Que no falte una atención inclusiva hacia cuantos hallándose en condiciones de vida particularmente difíciles experimentan la propia debilidad, especialmente a los afectados por patologías o discapacidades que limitan notablemente la autonomía personal. Cuidar de ellos es un himno a la dignidad humana, un canto de esperanza que requiere acciones concertadas por toda la sociedad».
«También necesitan signos de esperanza aquellos que en sí mismos la representan: los jóvenes. Ellos, lamentablemente, con frecuencia ven que sus sueños se derrumban. No podemos decepcionarlos; en su entusiasmo se fundamenta el porvenir. Es hermoso verlos liberar energías, por ejemplo cuando se entregan con tesón y se comprometen voluntariamente en las situaciones de catástrofe o de inestabilidad social. Sin embargo, resulta triste ver jóvenes sin esperanza.

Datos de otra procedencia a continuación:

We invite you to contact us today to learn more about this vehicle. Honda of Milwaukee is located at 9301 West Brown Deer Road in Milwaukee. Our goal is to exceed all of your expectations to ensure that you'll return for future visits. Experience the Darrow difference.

Por otra parte, cuando el futuro se vuelve incierto e impermeable a los sueños; cuando los estudios no ofrecen oportunidades y la falta de trabajo o de una ocupación suficientemente estable amenazan con destruir los deseos, entonceses inevitable que el presente se viva en la melancolía y el aburrimiento. La ilusión de las drogas, el riesgo de caer en la delincuencia y la búsqueda de lo efímero crean en ellos, más que en otros, confusión y oscurecen la belleza y el sentido de la vida, abatiéndolos en abismos oscuros e induciéndolos a cometer gestos autodestructivos. Por eso, que el Jubileo sea en la Iglesia una ocasión para estimularlos. Ocupémonos con ardor renovado de los jóvenes, los estudiantes, los novios, las nuevas generaciones. ¡Que haya cercanía a los jóvenes, que son la alegría y la esperanza de la Iglesia y del mundo!».

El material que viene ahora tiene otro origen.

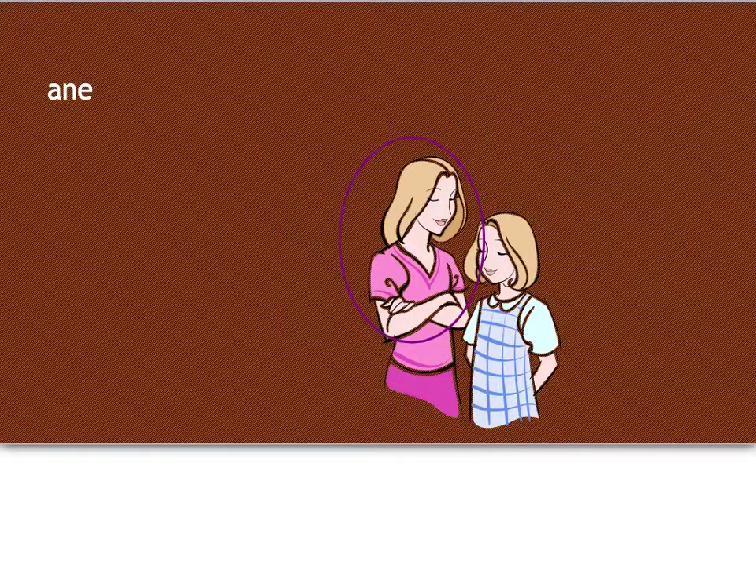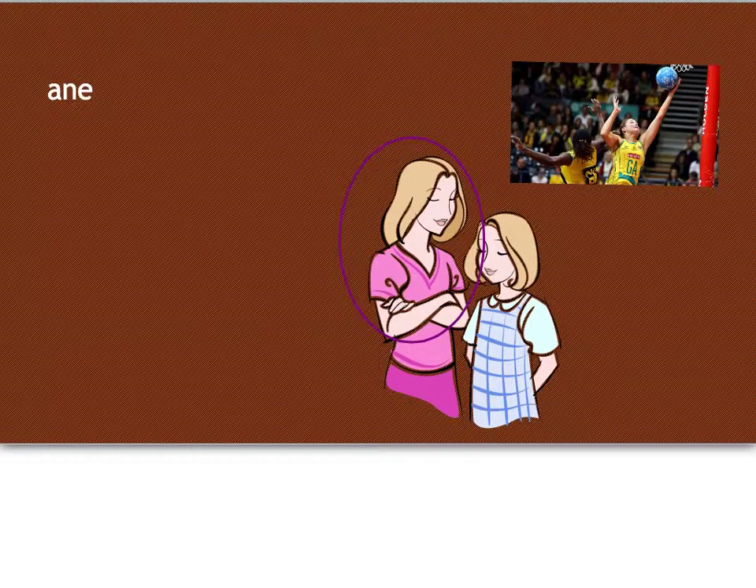The next word is the word for older sister, and the word for it in Japanese is ane. So the last one was ani — this is ane. The way you remember that net sound is because my older sister was a really good netball player. She played for the state team — there's a picture of her there. She now plays for Australia. So the way you can remember ane is because my older sister is good at netball: ane, netball.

«No pueden faltar signos de esperanza hacia los migrantes, que abandonan su tierra en busca de una vida mejor para ellos y sus familias. Que sus esperanzas no se vean frustradas por prejuicios y cerrazones; que la acogida, que abre los brazos a cada uno en razón de su dignidad, vaya acompañada por la responsabilidad, para que a nadie se le niegue el derecho a construir un futuro mejor. Que a los numerosos exiliados, desplazados y refugiados, a quienes los conflictivos sucesos internacionales obligan a huir para evitar guerras, violencia y discriminaciones, se les garantice la seguridad, el acceso al trabajo y a la instrucción, instrumentos necesarios para su inserción en el nuevo contexto social
Que la comunidad cristiana esté siempre dispuesta a defender el derecho de los más débiles. Que generosamente abra de par en par sus acogedoras puertas, para que a nadie le falte nunca la esperanza de una vida mejor. Que resuene en nuestros corazones la Palabra del Señor que, en la parábola del juicio final, dijo: «estaba de paso, y me alojaron», porque «cada vez que lo hicieron con el más pequeño de mis hermanos, lo hicieron conmigo» (Mt 25,35.40)».

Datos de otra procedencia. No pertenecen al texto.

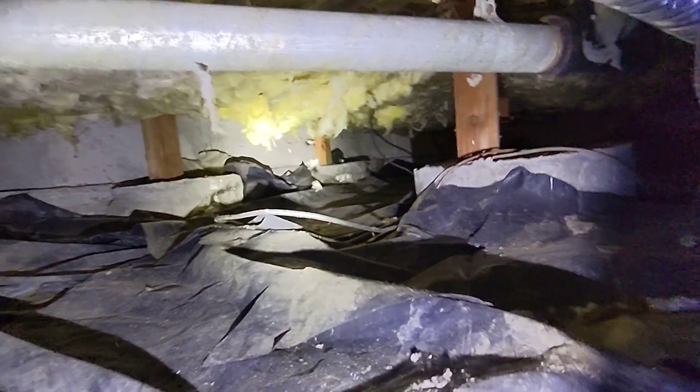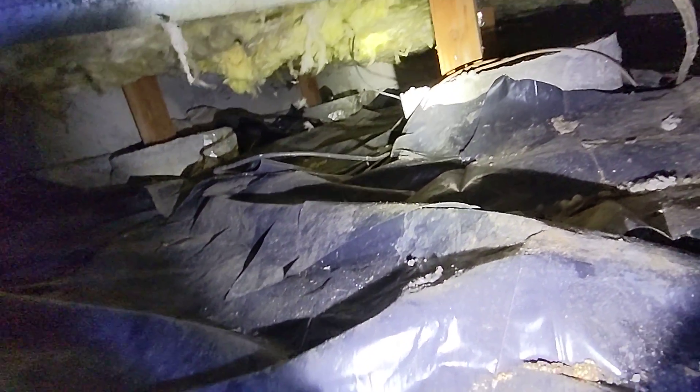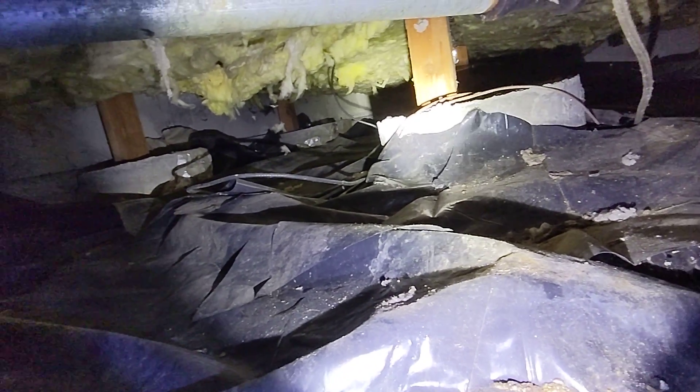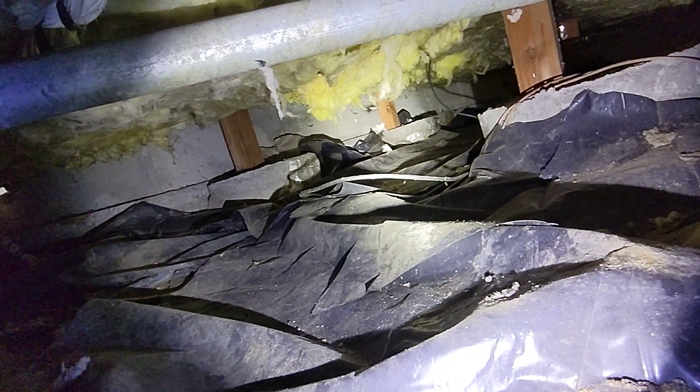This is the right side crawl space evaluation for this duplex here in Corvallis, Oregon. As with all the videos in this report, we request that you view this video as supplemental to the written version of the report to which this video has been attached. At the time of inspection, just a couple of reportable challenges were found in this raised foundation crawl space.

«Signos de esperanza merecen los ancianos, que a menudo experimentan soledad y sentimientos de abandono. Valorar el tesoro que son, sus experiencias de vida, la sabiduría que tienen y el aporte que son capaces de ofrecer, es un compromiso para la comunidad cristiana y para la sociedad civil, llamadas a trabajar juntas por la alianza entre las generaciones.
Dirijo un recuerdo particular a los abuelos y a las abuelas, que representan la transmisión de la fe y la sabiduría de la vida a las generaciones más jóvenes. Que sean sostenidos por la gratitud de los hijos y el amor de los nietos, que encuentran en ellos arraigo, comprensión y aliento».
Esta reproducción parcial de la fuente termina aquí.